In twenty-five years of ignoring his doctor’s advice to “slow down,” Pinkham has criss-crossed the country for countless premieres and honors, and for appearances at increasingly frequent “Pinkham Festivals.” By virtue of putting down his professional roots early in his career, however, and leaving them undisturbed, he has remained closely identified with the region where his musical life began. Boston, in the meantime, has become the early music capital of the country, not least through the efforts of Pinkham himself; and no place could be a more suitable home for the musician and his music.

Unless otherwise indicated, quotations derive from interviews with Daniel Pinkham conducted by the authors in July 1986 and March 1987.

— By Kee deBoer and John B. Ahouse, abridged from Daniel Pinkham: A Bio-Bibliography (New York: Greenwood Press, 1988).


Pinkham Gives 75th Birthday Gift of his Own

Daniel Pinkham

Daniel Pinkham’s many friends celebrated his 75th birthday in the most fitting fashion—with a concert of new music, written in tribute by his colleagues, 15 works for voice and organ by as many composers. Amiably and elegantly serving as hosts for the evening were soprano Phyllis Curtin, who was singing music by Pinkham half a century ago, and Carl Scovel, minister of King’s Chapel, where Pinkham has served as music director for 41 years. Curtin rightly stressed the primacy of composition in musical life. During the proceedings, William A. Seymour, president of the Boston Conservatory, and a group of faculty presented Pinkham with an honorary doctorate.

The event served as a benefit for the Daniel Pinkham Endowment at King’s Chapel, a fund created to help perpetuate the church’s distinguished musical tradition and presence.
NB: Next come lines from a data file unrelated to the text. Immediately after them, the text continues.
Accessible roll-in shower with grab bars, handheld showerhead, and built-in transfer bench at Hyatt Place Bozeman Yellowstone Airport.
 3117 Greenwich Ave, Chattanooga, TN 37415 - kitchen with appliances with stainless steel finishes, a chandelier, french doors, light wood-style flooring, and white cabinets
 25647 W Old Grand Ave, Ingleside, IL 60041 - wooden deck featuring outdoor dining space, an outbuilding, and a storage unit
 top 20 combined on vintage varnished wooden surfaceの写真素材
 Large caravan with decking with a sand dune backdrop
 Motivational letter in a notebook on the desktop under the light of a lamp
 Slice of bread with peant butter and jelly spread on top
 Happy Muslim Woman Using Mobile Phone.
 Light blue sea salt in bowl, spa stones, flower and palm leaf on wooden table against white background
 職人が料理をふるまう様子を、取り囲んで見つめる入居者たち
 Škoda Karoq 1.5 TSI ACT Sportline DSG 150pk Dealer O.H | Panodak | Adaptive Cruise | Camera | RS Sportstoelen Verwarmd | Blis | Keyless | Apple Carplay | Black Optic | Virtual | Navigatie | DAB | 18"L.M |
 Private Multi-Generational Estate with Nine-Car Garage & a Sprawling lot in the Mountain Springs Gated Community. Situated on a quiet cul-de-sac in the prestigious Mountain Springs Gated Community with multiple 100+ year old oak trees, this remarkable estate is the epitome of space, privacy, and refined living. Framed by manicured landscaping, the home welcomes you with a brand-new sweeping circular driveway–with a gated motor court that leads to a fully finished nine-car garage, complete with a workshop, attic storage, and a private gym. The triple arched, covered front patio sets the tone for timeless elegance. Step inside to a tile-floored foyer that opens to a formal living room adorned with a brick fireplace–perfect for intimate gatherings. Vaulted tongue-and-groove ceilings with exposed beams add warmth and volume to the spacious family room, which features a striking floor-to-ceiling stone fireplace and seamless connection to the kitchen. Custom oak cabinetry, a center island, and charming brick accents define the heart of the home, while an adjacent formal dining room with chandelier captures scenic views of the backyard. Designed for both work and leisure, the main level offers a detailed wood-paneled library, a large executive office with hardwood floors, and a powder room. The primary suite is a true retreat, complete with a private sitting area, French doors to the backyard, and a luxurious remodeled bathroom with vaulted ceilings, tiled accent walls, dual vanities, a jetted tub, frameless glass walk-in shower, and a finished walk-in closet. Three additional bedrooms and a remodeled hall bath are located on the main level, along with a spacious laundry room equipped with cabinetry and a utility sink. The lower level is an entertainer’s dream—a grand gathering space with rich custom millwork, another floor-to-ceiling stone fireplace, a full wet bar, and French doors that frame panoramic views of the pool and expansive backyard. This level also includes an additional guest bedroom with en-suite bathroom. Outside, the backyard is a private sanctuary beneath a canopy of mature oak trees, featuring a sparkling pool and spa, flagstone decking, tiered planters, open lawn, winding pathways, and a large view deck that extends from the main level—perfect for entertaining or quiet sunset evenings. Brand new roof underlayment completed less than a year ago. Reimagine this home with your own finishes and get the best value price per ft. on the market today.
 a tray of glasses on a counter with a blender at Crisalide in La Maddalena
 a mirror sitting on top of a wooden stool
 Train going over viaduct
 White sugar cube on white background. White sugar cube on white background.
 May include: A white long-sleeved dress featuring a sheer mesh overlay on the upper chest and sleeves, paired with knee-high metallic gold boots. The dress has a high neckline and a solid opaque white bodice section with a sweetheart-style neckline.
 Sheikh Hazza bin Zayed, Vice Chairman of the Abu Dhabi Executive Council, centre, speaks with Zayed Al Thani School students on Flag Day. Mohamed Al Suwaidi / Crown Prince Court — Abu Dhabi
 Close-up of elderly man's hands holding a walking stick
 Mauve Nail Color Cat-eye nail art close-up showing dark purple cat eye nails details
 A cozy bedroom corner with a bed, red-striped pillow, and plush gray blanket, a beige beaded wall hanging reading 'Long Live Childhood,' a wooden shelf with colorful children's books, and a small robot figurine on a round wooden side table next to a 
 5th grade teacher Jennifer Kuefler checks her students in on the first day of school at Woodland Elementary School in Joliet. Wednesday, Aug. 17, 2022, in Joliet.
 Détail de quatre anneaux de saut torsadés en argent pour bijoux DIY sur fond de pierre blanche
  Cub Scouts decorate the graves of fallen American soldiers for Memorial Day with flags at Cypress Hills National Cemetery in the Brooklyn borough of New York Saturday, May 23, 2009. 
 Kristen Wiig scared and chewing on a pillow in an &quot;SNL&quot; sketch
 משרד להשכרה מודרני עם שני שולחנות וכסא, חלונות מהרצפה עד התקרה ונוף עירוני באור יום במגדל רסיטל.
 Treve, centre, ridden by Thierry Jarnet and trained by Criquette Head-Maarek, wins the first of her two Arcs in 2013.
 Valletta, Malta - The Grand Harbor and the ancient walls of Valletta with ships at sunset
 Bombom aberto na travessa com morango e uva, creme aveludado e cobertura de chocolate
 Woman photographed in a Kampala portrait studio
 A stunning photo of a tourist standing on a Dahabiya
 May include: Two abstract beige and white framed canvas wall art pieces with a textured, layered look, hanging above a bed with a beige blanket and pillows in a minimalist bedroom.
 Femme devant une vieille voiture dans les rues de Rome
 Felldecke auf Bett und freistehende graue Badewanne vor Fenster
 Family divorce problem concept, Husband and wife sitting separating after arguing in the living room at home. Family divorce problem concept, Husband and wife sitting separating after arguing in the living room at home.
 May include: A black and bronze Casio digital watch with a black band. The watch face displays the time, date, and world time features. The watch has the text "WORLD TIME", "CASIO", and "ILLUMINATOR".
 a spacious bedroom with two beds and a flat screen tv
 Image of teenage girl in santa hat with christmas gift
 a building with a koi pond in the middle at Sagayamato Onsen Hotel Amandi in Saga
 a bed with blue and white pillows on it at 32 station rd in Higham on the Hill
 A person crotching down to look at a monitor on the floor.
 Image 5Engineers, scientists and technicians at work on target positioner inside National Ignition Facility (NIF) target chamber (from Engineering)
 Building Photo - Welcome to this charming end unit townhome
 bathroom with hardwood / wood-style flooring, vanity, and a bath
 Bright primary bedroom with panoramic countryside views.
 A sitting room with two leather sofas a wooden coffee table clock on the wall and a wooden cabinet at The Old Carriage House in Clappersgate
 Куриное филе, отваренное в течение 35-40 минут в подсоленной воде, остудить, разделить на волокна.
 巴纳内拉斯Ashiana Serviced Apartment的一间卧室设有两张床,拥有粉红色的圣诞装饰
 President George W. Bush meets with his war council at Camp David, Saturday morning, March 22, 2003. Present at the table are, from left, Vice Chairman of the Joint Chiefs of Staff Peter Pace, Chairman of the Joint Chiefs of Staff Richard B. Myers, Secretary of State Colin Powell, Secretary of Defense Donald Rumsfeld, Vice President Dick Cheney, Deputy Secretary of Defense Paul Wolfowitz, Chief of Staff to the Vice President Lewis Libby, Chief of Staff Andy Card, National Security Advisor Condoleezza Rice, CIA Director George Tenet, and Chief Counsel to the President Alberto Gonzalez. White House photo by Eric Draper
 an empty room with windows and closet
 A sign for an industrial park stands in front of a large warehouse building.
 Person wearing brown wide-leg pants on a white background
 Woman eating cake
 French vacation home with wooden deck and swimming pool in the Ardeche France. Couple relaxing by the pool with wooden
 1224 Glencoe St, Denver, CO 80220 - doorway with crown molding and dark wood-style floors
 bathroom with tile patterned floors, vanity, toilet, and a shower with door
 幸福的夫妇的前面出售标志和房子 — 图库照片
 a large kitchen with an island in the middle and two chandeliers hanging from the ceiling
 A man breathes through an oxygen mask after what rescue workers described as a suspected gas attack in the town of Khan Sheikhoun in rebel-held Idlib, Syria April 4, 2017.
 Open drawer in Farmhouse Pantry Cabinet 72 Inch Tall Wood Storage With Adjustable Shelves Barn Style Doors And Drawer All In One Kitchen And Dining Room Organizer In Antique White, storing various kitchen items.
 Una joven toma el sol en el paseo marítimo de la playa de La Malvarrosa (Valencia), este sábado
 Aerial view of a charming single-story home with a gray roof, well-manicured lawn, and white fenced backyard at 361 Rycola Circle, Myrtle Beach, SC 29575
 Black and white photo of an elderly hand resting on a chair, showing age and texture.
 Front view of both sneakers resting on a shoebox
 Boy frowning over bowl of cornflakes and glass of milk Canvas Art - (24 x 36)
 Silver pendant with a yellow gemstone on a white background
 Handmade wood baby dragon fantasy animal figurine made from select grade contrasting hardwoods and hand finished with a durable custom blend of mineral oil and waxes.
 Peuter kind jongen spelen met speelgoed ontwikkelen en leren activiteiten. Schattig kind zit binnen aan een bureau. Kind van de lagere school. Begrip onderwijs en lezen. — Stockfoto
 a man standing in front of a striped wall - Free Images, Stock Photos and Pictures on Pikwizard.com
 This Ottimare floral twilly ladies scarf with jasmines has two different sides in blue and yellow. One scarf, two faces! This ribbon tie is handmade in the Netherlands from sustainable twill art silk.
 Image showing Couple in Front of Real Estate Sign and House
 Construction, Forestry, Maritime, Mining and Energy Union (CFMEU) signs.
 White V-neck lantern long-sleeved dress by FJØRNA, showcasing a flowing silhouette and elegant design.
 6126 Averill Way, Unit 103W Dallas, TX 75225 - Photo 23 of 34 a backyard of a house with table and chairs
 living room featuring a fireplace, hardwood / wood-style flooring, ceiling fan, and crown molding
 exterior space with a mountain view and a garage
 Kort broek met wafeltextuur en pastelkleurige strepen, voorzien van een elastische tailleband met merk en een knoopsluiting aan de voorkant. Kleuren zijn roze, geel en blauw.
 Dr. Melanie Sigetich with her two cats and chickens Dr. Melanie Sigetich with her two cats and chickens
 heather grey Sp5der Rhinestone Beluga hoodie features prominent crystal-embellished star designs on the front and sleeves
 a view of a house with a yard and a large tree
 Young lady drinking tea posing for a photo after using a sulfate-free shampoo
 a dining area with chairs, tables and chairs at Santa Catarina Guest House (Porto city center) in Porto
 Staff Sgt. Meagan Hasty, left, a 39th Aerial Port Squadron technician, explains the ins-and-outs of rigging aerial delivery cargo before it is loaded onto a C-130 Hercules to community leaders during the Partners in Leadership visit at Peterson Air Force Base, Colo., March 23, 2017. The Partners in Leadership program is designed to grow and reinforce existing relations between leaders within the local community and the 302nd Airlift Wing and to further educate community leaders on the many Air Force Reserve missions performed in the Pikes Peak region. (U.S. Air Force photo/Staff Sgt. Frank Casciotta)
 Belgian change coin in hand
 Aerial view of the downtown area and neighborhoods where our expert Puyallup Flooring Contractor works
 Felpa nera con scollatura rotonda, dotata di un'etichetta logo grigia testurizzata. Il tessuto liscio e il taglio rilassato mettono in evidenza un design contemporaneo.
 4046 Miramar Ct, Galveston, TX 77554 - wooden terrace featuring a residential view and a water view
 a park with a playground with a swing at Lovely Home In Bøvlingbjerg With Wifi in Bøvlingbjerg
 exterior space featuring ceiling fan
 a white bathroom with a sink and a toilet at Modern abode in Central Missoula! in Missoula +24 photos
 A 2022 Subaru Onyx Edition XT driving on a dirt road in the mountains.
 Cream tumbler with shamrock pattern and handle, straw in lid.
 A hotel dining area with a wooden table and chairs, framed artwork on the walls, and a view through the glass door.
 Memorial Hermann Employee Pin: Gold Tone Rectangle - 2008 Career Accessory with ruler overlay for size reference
In a characteristically witty speech, Pinkham said it is hoped that the fund will endow the music director’s chair, “in which case,” he added, “I hope it will be lavishly upholstered.”

The piece de resistance was the premiere of a new work by Pinkham himself, “Three Latin Motets,” composed to commemorate half a century of friendship with Ned Rorem, who had contributed a new work of his own to the event. The presence of these Motets on the program, Pinkham said, resulted from a “deception engineered” by the organist James David Christie, one of the prime movers of the concert.

The Motets are prime Pinkham and a catalog of his virtues as a composer: literary discrimination in the choice of texts, imagination, and utter professionalism in handling them musically, attractive melody, clear textures, grateful vocal lines, a sweet sincerity, and a true depth of feeling. Pinkham’s musical roots entwine English Renaissance and 20th-century French roots with something genuine and American. His music comes from a well-stocked mind, but it is full of surprises because of the way he makes connections among unexpected things; his irrepressibly vital personality expresses itself in humor and in unpretentious seriousness. The Motets were superlatively performed.

— By Richard Dyer, abridged courtesy of the Boston Globe, June 8, 1998.